Os clássicos são eternos

O jogo entre Botafogo e Vasco, realizado na noite de ontem no Maracanã, provavelmente foi o mais emocionante do ano até agora. E pode ter sido também o mais emocionante desde muito tempo atrás – o primeiro tempo, com certeza, foi o melhor em mais de uma década. O horário tardio imposto pela transmissora e mais a transmissão aberta trouxeram menos púbico do que a partida pedia. De toda forma, clássico eterno!

Emoção que começou antes do jogo. Romário estava prestes a marcar o milésimo tento, mais uma vez, após fracassadas tentativas e ausência de jogos fora do Maracanã. Alguns botafoguenses desesperados temiam o rol das coisas que só acontecem ao Alvinegro.

E o começo foi de arrasar. Com falhas de goleiro Júlio César e do volante Túlio, em três minutos o Vasco já tinha aberto dois a zero, com gols de Renato e Abedi. Temia-se por uma goleada histórica em General Severiano. E, com esse retrospecto fulminante, seria o esperado.

Há coisas que só acontecem ao Botafogo.

Um minuto depois da segunda festa vascaína, o Botafogo eletrizou ainda mais o jogo, em súbita cabeçada de Luciano Almeida, após cruzamento de Lúcio Flávio pela direita. Em diante, a partida mais rápida e disputada do campeonato, com ataques e contra-ataques eletrizantes, até que aos vinte e um minutos, em ritmo frenético, o Botafogo chegou ao empate: houve um cruzamento rápido de Luciano Almeida, e Zé Roberto finalizou violentamente, de primeira. O silêncio vascaíno foi reflexo do que então aconteceu: ali, o jogo estava na mão dos alvinegros, e tudo indicaria que a virada seria questão de momento. Impunha-se mesmo diante de um Vasco vigoroso, raçudo e que tinha aberto dois gols em tempo recorde num clássico.

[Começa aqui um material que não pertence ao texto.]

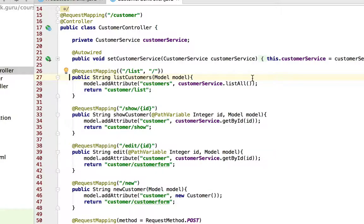The same with the show customer that would actually get mapped to slash customer slash show and the ID value.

Gols de um lado e de outro, mas sentia-se no ar que a respiração diferente em todo o estádio acontecia quando Romário aproximava-se da bola. Isso aconteceu aos trinta e três minutos: Jorge Luiz, invertido, foi a fundo para o cruzamento pela direita -a bola encobriu Júlio César e entrou no ângulo direito. Romário vinha com tudo e chegou a três centímetros da bola, se muito. O Vasco, que tinha passado a ser dominado, avançou novamente no placar.

Há coisas que só acontecem ao Botafogo, mesmo que por pouco tempo.

Três minutos. Novamente, depois de mortalmente golpeado, o Botafogo saiu das cinzas aos céus. Mais uma vez, mais uma grande jogada de Lúcio Flávio, cruzando da direita, e Dodô cabeceou inapelavelmente contra as redes de Cássio. Alívio na esquerda das tribunas, mal estar na direita e, de certa forma, uma saudável sensação de justiça. O Botafogo estava muito melhor, muito mais firme e objetivo.

Os vascaínos sabiam disso. Perceberam que a vantagem inicial e o terceiro gol foram frutos da velha camisa, da força, e não de uma atuação soberba, embora com muita raça e velocidade. Não o suficiente para brecar a fúria alvinegra. A um minuto do fim, ele, decisivo, Lúcio Flávio, cobrou falta na frente da área. A bola quicou e entrou no canto esquerdo de Cássio, que falhou no lance. Pela primeira vez no incrível jogo, o Botafogo saltava no marcador e superava os vascaínos. E terminou o primeiro tempo de um jogo incessante, capaz de tirar o fôlego de qualquer um.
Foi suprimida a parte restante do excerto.